Un Marine américain dans sa base en Afghanistan, le 9 novembre 2010. — F. O'REILLY / REUTERS

Les clichés étaient une bombe à retardement. Lundi, l'hebdomadaire allemand Der Spiegel a finalement décidé de publier trois photographies montrant des soldats américains posant à côté du cadavre d'un civil qu'ils sont accusés d'avoir exécuté.

>> Avertissement: Même si le visage de la victime est flouté, ces images peuvent choquer

L'un des clichés montre un militaire américain de 23 ans, Jeremy Morlock, tout sourire près du cadavre d'un homme dont il tient la tête par les cheveux pour la montrer à l'objectif. Sur une autre photo, le soldat de 1ère classe Andrew Holmes, 20 ans, est à genoux sur le même cadavre et tient lui-aussi la tête du mort par les cheveux.

L'armée américaine a présenté ses excuses pour «la souffrance que peuvent provoquer de telles photos» et a dénoncé les comportements «répugnants» qu'elles révèlent.

Enquête pour homicide volontaire

Morlock et Holmes figurent parmi cinq militaires américains qui comparaissent devant une cour martiale à la base de Lewis McChord, près de Tacoma, dans l'Etat de Washington. Ces membres de l'unité qui s'était baptisée la «kill team» sont accusés d'avoir assassiné au total trois villageois afghans.

Ils les auraient abattus puis auraient tenté de procéder à une mise en scène pour faire croire qu'ils avaient agi en légitime défense pour se protéger d'une attaque de talibans. Selon Le Guardian, ils auraient coupé un doigt d'une victime comme «trophée». Selon ses avocats, Morlock a accepté de plaider coupable et de témoigner contre ses coaccusés.
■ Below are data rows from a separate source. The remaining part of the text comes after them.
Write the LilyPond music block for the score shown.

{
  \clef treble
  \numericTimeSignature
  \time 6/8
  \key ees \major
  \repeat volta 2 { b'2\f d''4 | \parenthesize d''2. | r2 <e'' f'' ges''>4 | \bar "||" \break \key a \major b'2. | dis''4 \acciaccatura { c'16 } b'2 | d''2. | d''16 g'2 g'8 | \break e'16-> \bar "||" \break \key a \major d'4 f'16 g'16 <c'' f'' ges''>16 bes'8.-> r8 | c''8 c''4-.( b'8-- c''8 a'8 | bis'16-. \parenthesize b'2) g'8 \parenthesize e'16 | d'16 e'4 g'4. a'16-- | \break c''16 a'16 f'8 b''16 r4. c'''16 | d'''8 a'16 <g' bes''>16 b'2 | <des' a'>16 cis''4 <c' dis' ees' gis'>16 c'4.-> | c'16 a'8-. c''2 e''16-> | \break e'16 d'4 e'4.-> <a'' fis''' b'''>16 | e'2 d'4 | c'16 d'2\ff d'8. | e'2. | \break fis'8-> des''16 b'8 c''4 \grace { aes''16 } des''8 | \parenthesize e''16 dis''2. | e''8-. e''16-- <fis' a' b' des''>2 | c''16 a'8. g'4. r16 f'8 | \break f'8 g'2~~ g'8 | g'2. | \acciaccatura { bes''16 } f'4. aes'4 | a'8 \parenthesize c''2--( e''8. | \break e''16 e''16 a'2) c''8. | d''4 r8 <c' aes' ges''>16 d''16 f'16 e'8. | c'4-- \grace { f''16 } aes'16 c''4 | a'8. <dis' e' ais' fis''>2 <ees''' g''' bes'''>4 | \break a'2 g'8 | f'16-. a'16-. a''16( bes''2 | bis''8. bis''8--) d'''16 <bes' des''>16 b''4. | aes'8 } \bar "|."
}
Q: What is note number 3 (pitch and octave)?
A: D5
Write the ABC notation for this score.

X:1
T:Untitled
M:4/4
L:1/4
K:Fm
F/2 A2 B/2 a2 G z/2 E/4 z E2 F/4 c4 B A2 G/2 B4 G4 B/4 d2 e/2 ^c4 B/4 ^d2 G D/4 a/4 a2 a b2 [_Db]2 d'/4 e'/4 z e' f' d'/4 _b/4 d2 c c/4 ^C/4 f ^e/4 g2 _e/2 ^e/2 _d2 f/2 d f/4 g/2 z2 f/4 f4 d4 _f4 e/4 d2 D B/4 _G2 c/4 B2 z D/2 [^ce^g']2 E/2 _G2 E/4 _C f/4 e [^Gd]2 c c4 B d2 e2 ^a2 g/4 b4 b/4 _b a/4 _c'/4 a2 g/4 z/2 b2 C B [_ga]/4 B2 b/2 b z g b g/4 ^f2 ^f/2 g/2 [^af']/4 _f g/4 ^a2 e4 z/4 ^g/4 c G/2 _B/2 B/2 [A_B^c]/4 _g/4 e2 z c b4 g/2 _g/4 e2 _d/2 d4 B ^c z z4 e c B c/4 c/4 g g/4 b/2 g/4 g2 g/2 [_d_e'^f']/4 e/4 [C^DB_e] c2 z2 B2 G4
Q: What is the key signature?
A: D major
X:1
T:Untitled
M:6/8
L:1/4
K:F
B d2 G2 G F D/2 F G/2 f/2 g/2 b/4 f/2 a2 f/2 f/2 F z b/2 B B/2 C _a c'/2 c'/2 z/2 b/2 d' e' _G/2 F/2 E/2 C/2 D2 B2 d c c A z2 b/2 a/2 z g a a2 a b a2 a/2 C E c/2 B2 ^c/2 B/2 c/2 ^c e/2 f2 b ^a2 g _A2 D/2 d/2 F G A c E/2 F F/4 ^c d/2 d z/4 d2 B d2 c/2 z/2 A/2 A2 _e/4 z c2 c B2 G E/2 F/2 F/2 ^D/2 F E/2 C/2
Ils risquent la peine capitale.

Répercussion diplomatiques

Selon des sources gouvernementales, la diplomatie américaine a tout tenté pour empêcher la publication des photos. Des responsables de l'Otan estiment en effet que le scandale pourrait être aussi grave que celui de la prison d'Abou Ghraïb.

Der Spiegel, qui a apparemment décidé de ne publier que trois photos, en possède plus de 4.000. Selon le magazine, il y aurait de nombreuses autres victimes, en plus des trois pour lesquelles les soldats vont comparaître.

Lundi, jour férié en Afghanistan, les réactions sont restées minimes. Mais la plupart des experts s'attendent à une vague de protestations, mardi, qui pourraient être instrumentalisées par les talibans.